[Collected data entries]
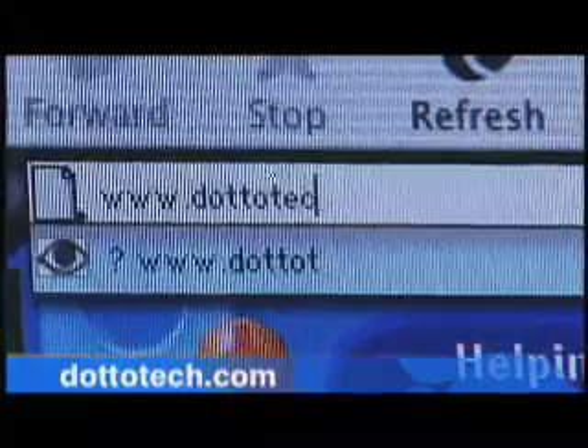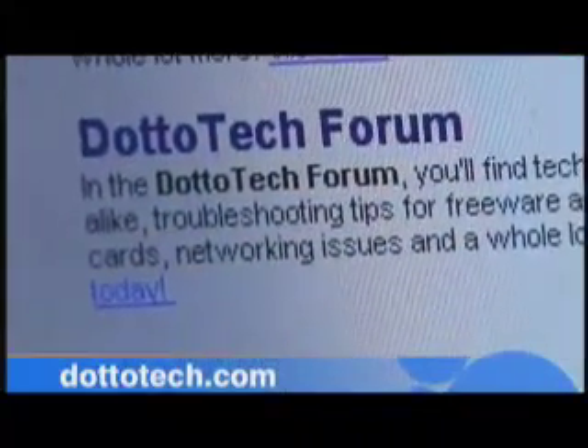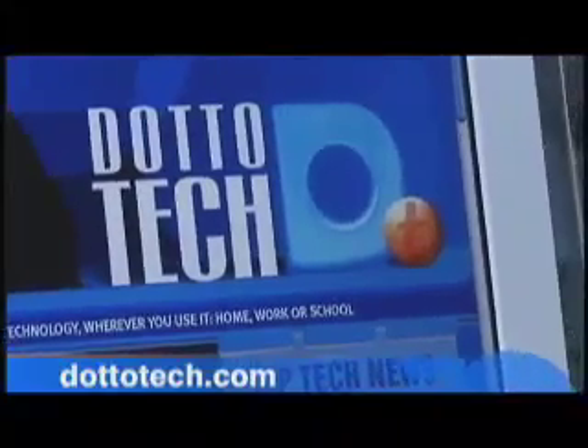Want more information about the items we highlight on the show? Then make sure you drop by our website at DottoTech.com. You'll find details about the products we cover, episode descriptions, and lots of cool features.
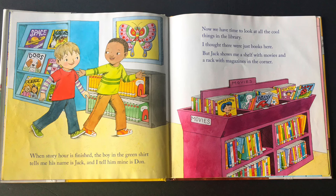When story hour is finished, the boy in the green shirt tells me that his name is Jack, and I tell him that my name is Dawn.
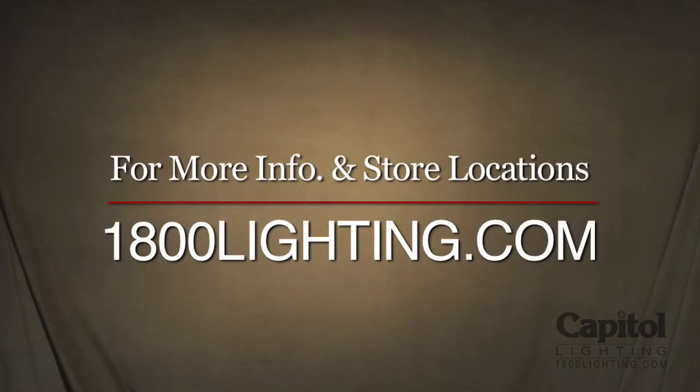Like what you've seen here today? You can view these pieces and other great examples of the American Craftsman period online anytime at 1800lighting.com, or stop by any one of our Capitol Lighting showrooms in New Jersey or southeastern Florida. And remember, tell them Brian sent you.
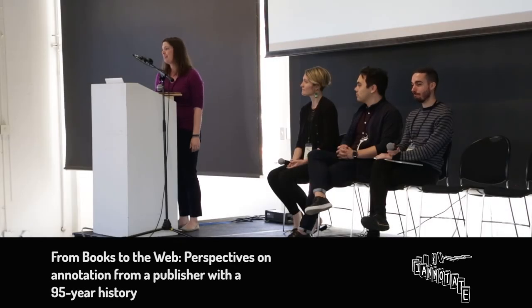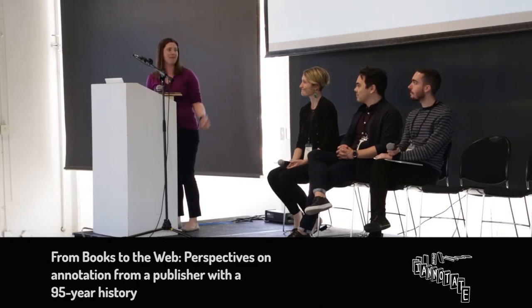We have three speakers from Norton. Carly is a literature and film editor at Norton, and Evan and Mateus are co-directors of the Norton Lab. They have some really exciting stuff to share about annotations and the implications for publishing and education.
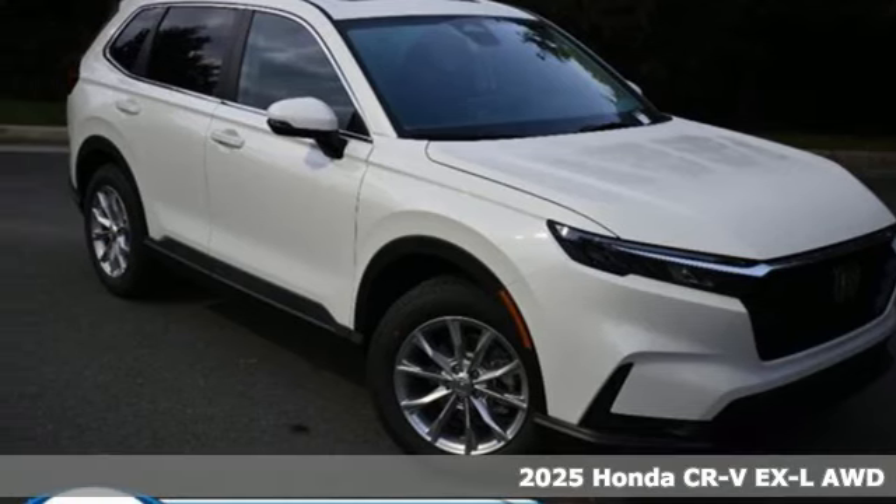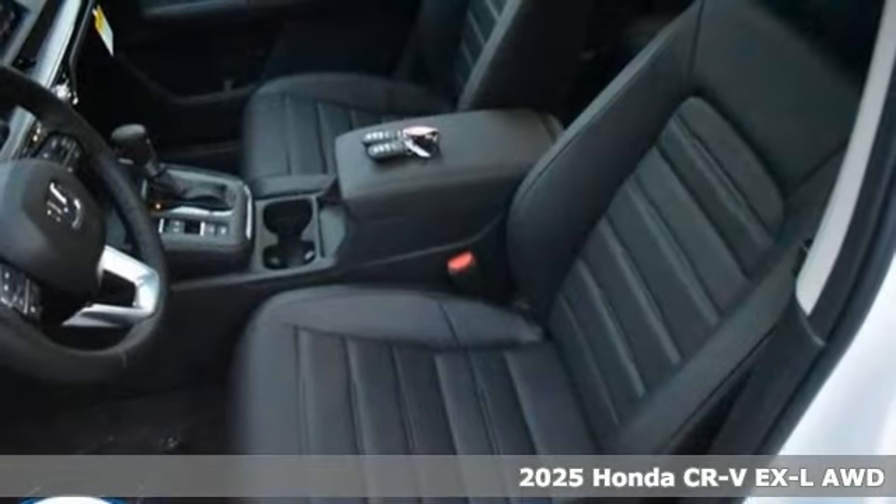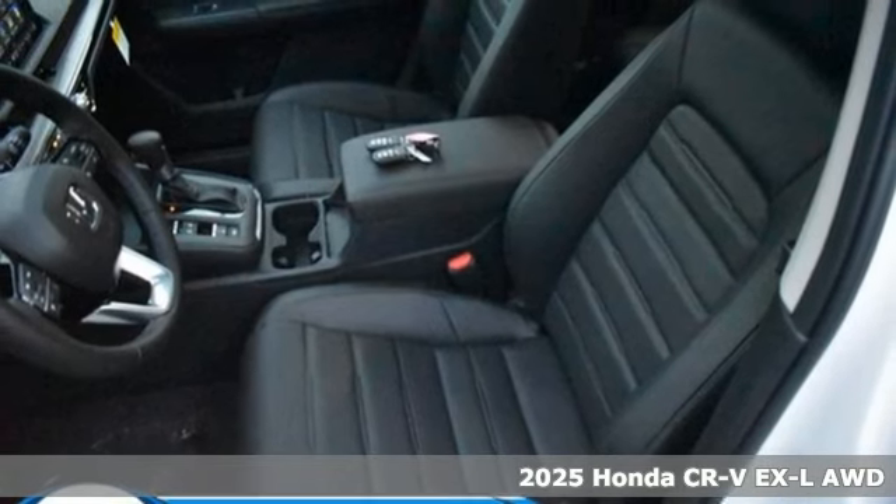Here's a new 2025 Honda CR-V. Capability without compromise isn't a dream, it's a CR-V.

- [Work to complete]
No picture belongs in the answer; the rest of the records must be repeated exactly.

- [Answer section]
Want more information about the items we highlight on the show? Then make sure you drop by our website at DottoTech.com. You'll find details about the products we cover, episode descriptions, and lots of cool features.
When story hour is finished, the boy in the green shirt tells me that his name is Jack, and I tell him that my name is Dawn.
Like what you've seen here today? You can view these pieces and other great examples of the American Craftsman period online anytime at 1800lighting.com, or stop by any one of our Capitol Lighting showrooms in New Jersey or southeastern Florida. And remember, tell them Brian sent you.
We have three speakers from Norton. Carly is a literature and film editor at Norton, and Evan and Mateus are co-directors of the Norton Lab. They have some really exciting stuff to share about annotations and the implications for publishing and education.
Here's a new 2025 Honda CR-V. Capability without compromise isn't a dream, it's a CR-V.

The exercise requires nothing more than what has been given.